As for the Democratic bill mirrors those passed by the House since the beginning of the new Congress in that it funds those agencies of the government not impacted by the border wall funding and leaves that issue, along with other issues related to immigration to be battled over after the government reopens. On principle, this is the perfectly rational response to all of this, of course, and the manner in which all of this should be resolved in a rational universe. However, if there’s anything that has been abundantly clear for the past two years or more, we are not living in a rational universe. Any President other than Trump would have been willing to sit down and negotiate and, likely come up with a deal that provided for some funding for “border security” that allowed him to save face while at the same time reopening the government. Trump, however, remains adamant in his insistence that any final bill will include $5.7 billion in funding for his wall and the fact that Republicans and the Senate remain largely united behind him. In any case, even if there were a handful of Republicans willing to stand up to McConnell and the President, the current makeup of the Senate would mean that thirteen Republicans would need to join with a united Democratic caucus to get the bills passed. That is not going to happen.

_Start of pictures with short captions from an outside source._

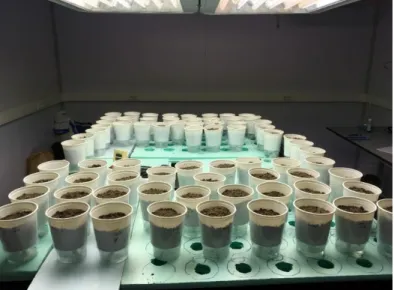 Figure 6. Plant germination test performed using the ISO protocol 11269-2, in a plant growth  room.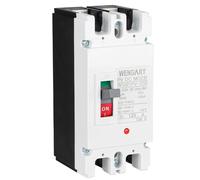 Wengart DC MCCB Circuit Breaker for Solar PV Installers & ESS Storage DIYers, Battery Bank Short-Circuit Arc Flash&Soft MCB Meltdown Faff,2-Pole 500V 125A Switch with 10kA Breaking Capacity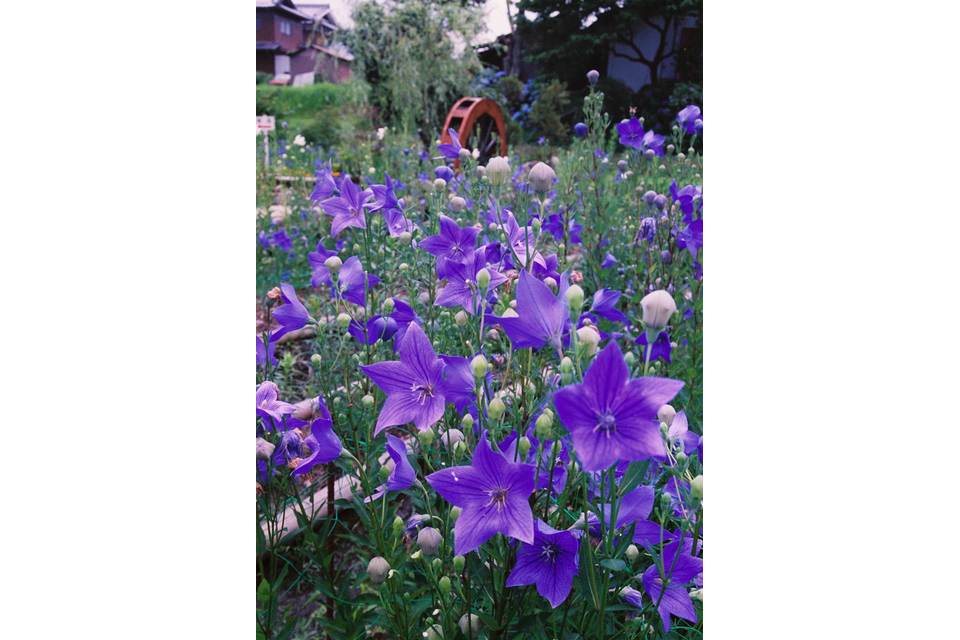 令和8年 春の旅🌺 大原三千院のあじさいと丹波亀岡ききょうの里の商品画像00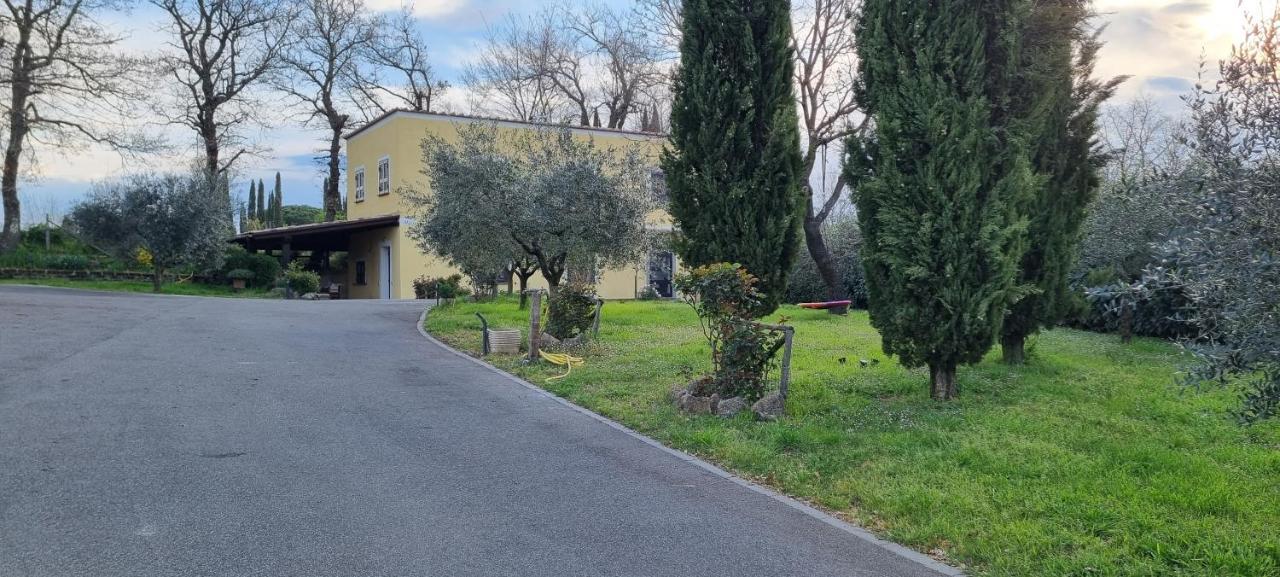 Oltre La Siepe Apartment Nepi Εξωτερικό φωτογραφία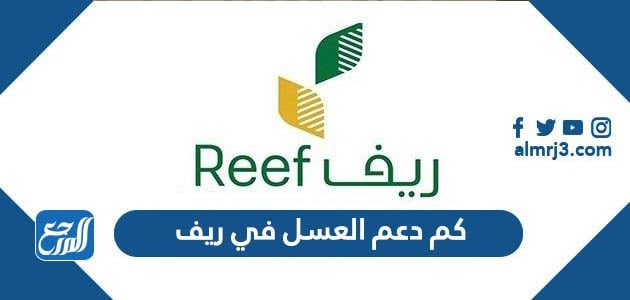 كم دعم العسل في ريف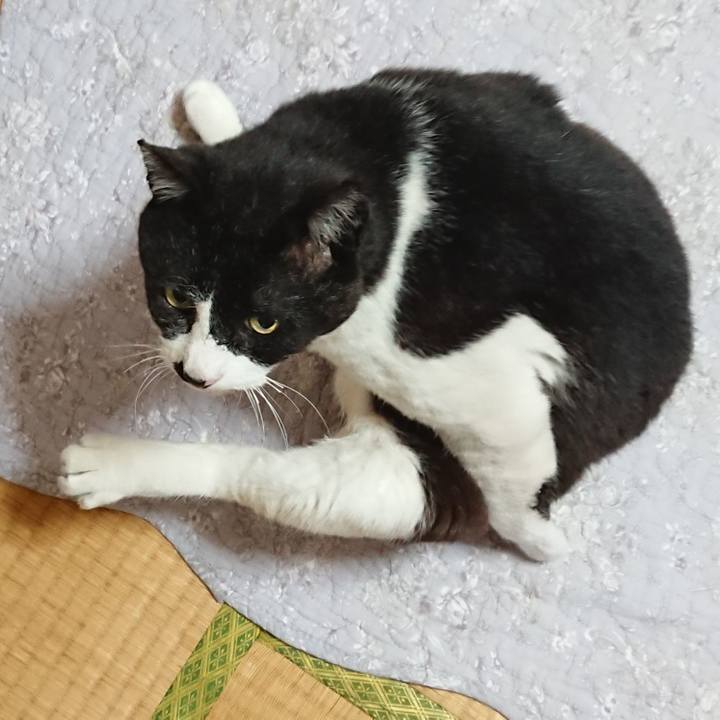 B2dfb07e 655e 43bc 86ff 064d0502cb05 1619682527462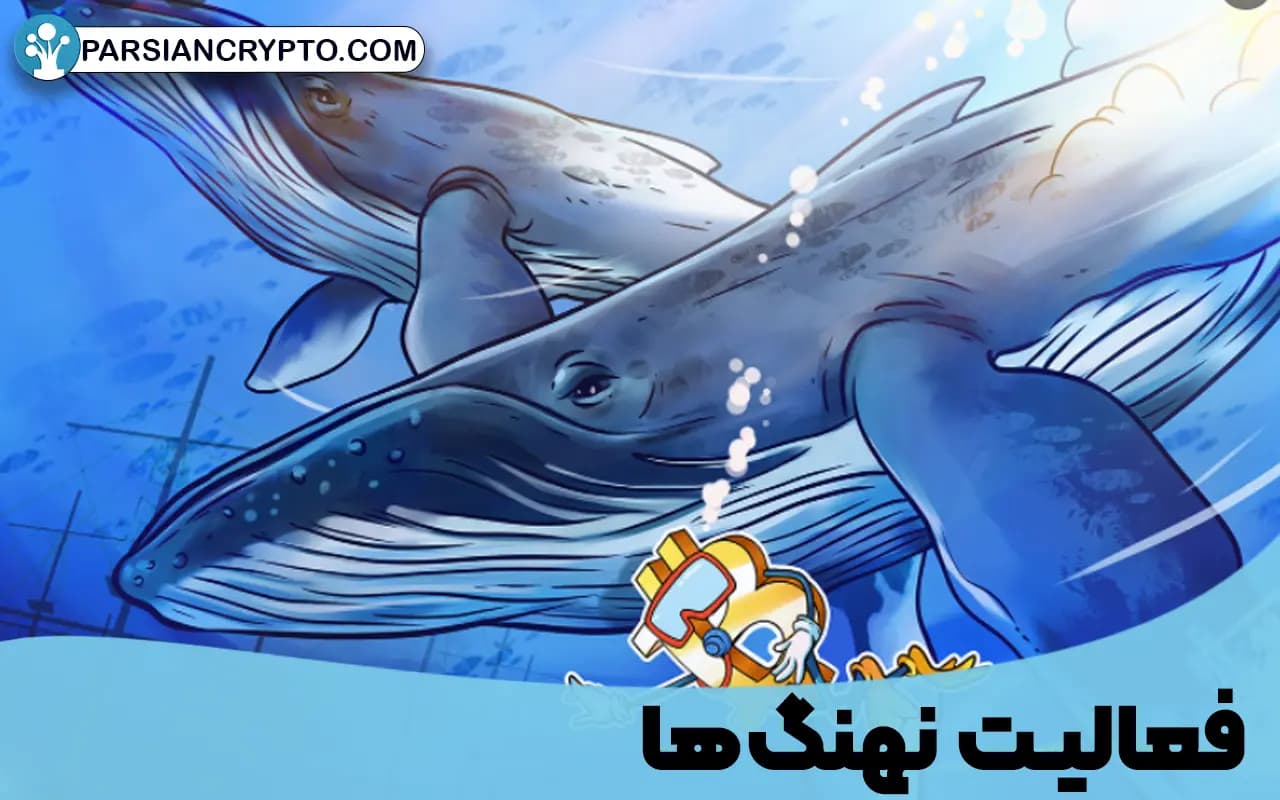 فعالیت نهنگها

As noted, the vote on these bills isn’t even scheduled to take place until tomorrow, meaning that the shutdown will stretch through the end of the week and into the weekend without any resolution or chance of a resolution coming in the near future. To be frank about it, there isn’t much hope of a resolution beyond that either, at least not in the short-term. So far, nothing has moved either side off their current positions. Not the reports about Federal workers having to figure out how to survive without first one and now a second paycheck. Not the polls that continue to show that the public blames the President for the current state of affairs, that the shutdown is eroding faith in the overall health of the economy, and that the President’s job approval numbers are suffering because of it. Not the reports about how the shutdown is impacting, the Coast Guard, the Transportation Security Administration, the Federal Bureau of Investigation, and countless other branches of government. What is it going to take the move the needle on either side? Honestly, I have absolutely no idea at this point, and I wouldn’t be surprised if this shutdown continues well into February.